The PMI Business Activity Index is the first fact-based indicator of regional economic health published each month, tracking the monthly change in the output of goods and services across the private sector. A reading above 50.0 indicates growth, and the further above the 50.0 mark the faster the rate of growth signalled.
Wales's 52.9 was the second-highest reading, followed by 52.0 in both the East Midlands and Yorkshire & Humber – the latter being the only region where the pace of growth was unchanged since February. Output rose only marginally in the West Midlands (50.9), while it stagnated across the South East (50.0).
The South West (49.8), East of England (49.7) and Northern Ireland (48.0) each saw business activity fall into contraction, while sustained downturns were recorded across Scotland (49.6), the North East (48.3) and London (47.8).
Firms in Wales experienced the strongest rise in demand for goods and services in March. The only other notable increase in new orders was seen in the East Midlands, with firms in the West Midlands and South East reporting negligible growth. Order books decreased elsewhere, with the North East and London leading the decline.
Half of the 12 monitored areas saw a rise in employment in March. The North West and West Midlands jointly led job creation, ahead of the South East and Yorkshire & Humber. The North East again saw the steepest fall in jobs, while there were also notable declines in Northern Ireland and London. Capacity pressures were generally subdued, with only Wales and the East Midlands recording a rise in backlogs.
The East Midlands saw the steepest rise in output prices in March, and was one of only two regions where the rate of inflation ticked up since February. The other was the East of England, though even here the rate of inflation was close to the lowest in over two-and-a-half years. Notably, London saw no change in average selling prices, following an increase in each of the previous 27 months.

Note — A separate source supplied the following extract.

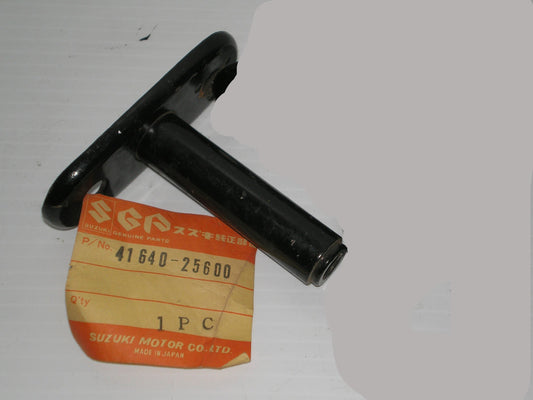 SUZUKI TC100 TS100 Factory Turn Signal Mounting Bracket 41640-25600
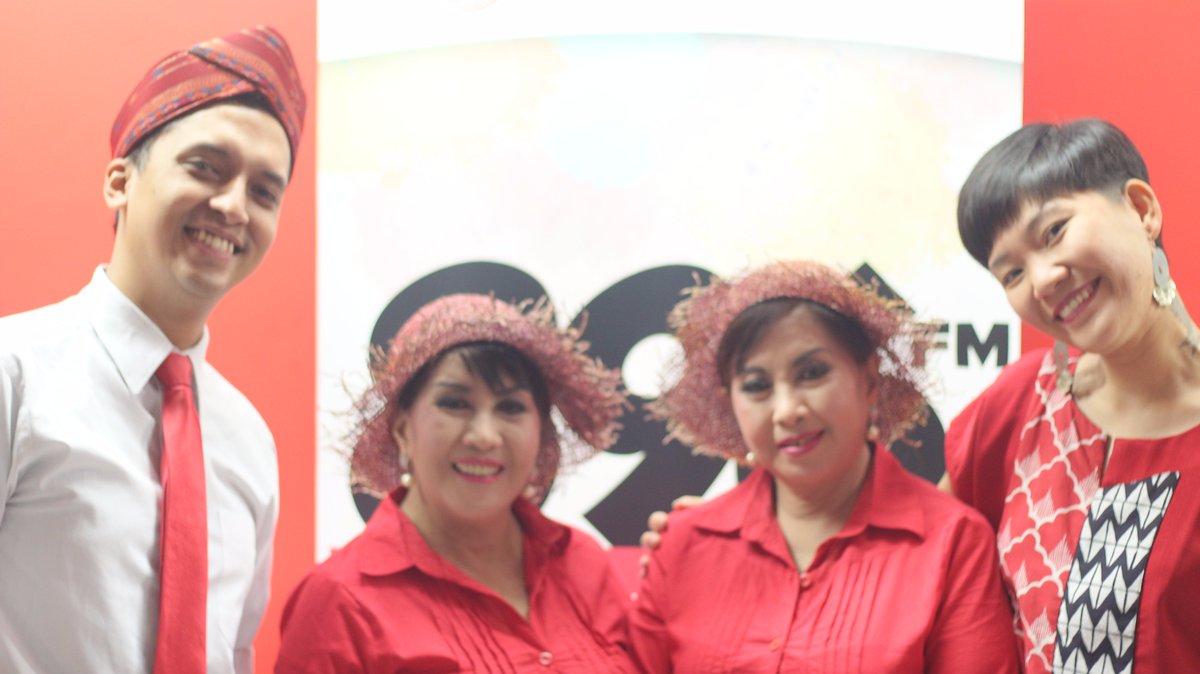 "Kalau kita tidak berbagi hidup didunia akan merugi" <a href="/IbuGuruKembar/">Ibu Guru Kembar</a> #MasihPagiPagi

Cost pressures were strongest overall in Northern Ireland and the North West, with both recording identical rates of inflation that were slightly quicker than those seen in February. At the other end of the scale, the West Midlands, North East and South East each recorded slower increases in input prices. In the case of the former, the rate of inflation was the weakest seen since June 2016.
The strongest optimism towards future output was in the East Midlands, where expectations were the highest since November last year. Improved confidence was also seen in the South West, Yorkshire & Humber and the West Midlands – ranked second, third and fourth respectively. Firms in Wales recorded the sharpest deterioration in optimism, while those in Northern Ireland reported overall pessimism for the second straight month.
Sebastian Burnside, NatWest Chief Economist, commented:
“Weaker trends were observed across nearly all areas of the UK in March, a reflection of the challenging business climate. For the North West, Wales and East and West Midlands this meant slower growth, while in most of the remaining areas business activity fell since February.
“There was better news on the employment front as half of the areas of the UK saw net job creation in March, up from just three in February. However, workforce numbers were partly boosted by temporary Brexit preparation measures and the survey’s new order data – which is perhaps the best gauge of underlying demand – painted a gloomier picture, showing inflows of new work falling across the highest number of regions since July 2016 in the aftermath of the EU referendum.
“The slowdown in the economy is translating into generally weaker inflationary pressures as firms’ pricing power continues to wane, with March’s survey showing a slower rate of increase in goods and services prices in nine of the twelve regions, and no change at all in charges set by firms in the capital.”